With Research Alliance funding, the collaborators will extend the application of COASTMAP to allow for the collection, fusion, display, and analysis of data from underwater sensing systems including both stationary and those mounted on a wide variety of oceanographic sampling platforms. The real-time coastal observation system and integrated technologies will be demonstrated in Narragansett Bay and used to investigate recurrent oxygen-depletion events that have resulted in fish and shellfish kills during the summer months.

This proposed project will also allow the industry partners to effectively collaborate on the integration of their respective commercial products into a new commercial system for continuous real-time coastal ocean observation. The project will allow URI to continue to provide unique opportunities for researchers and students in the oceanography and ocean engineering disciplines to conduct research with contemporary autonomous sampling platforms, sensors, networking and data management and informational technologies.

Next Steps

Rhode Island is especially well positioned to capitalize on research endeavors that build on current momentum and create stronger connections across the state's public and private research institutions.

STAC's Rhode Island Research Alliance is well positioned to continue this important work. A strong collaborative research alliance will create a powerful platform for consolidating limited resources towards a common agenda, maximizing the effect of the state's research investment, strengthening Rhode Island's ability to compete for additional federal research dollars, and creating opportunities for new companies and jobs.

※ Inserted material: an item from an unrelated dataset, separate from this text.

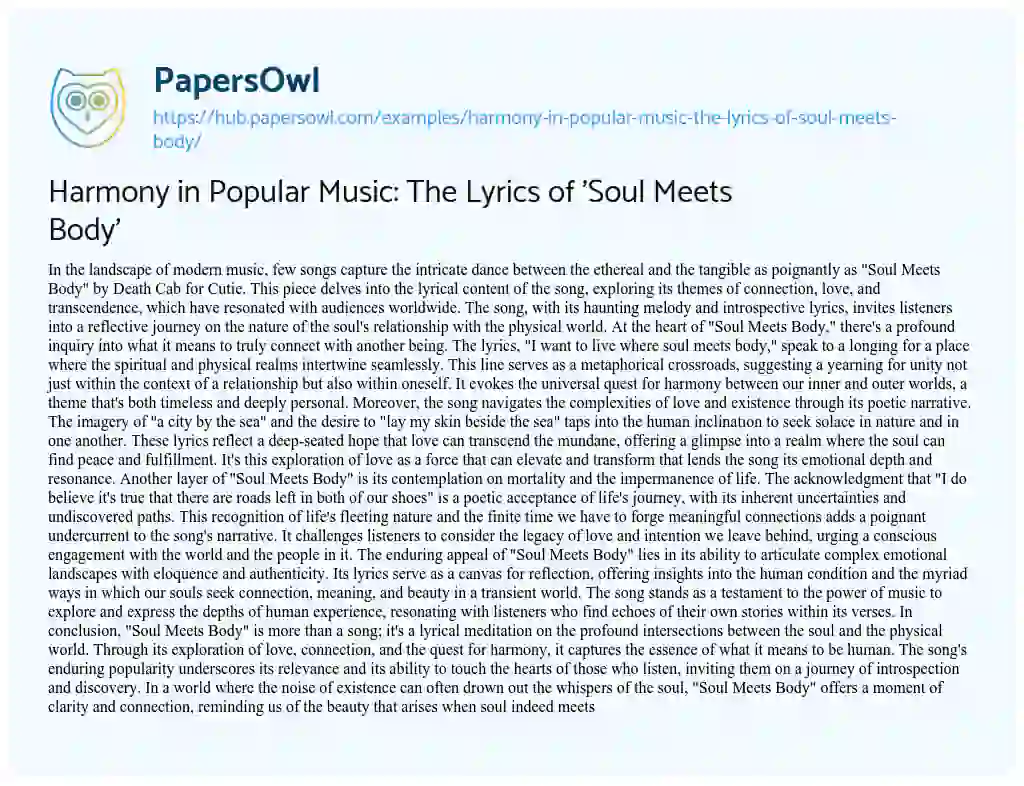 Essay on Harmony in Popular Music: The Lyrics of ‘Soul Meets Body’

STAC recommends that Rhode Island's leadership support STAC's Research Alliance and its direct investment in collaborative research by renewing the Alliance's $1.5 million in funding in FY08.

The Research Alliance will again award these funds through a competitive review process to projects that are of significant scientific merit, highly collaborative across institutional boundaries, well positioned to secure additional funding, and have significant technology development and/or commercialization potential.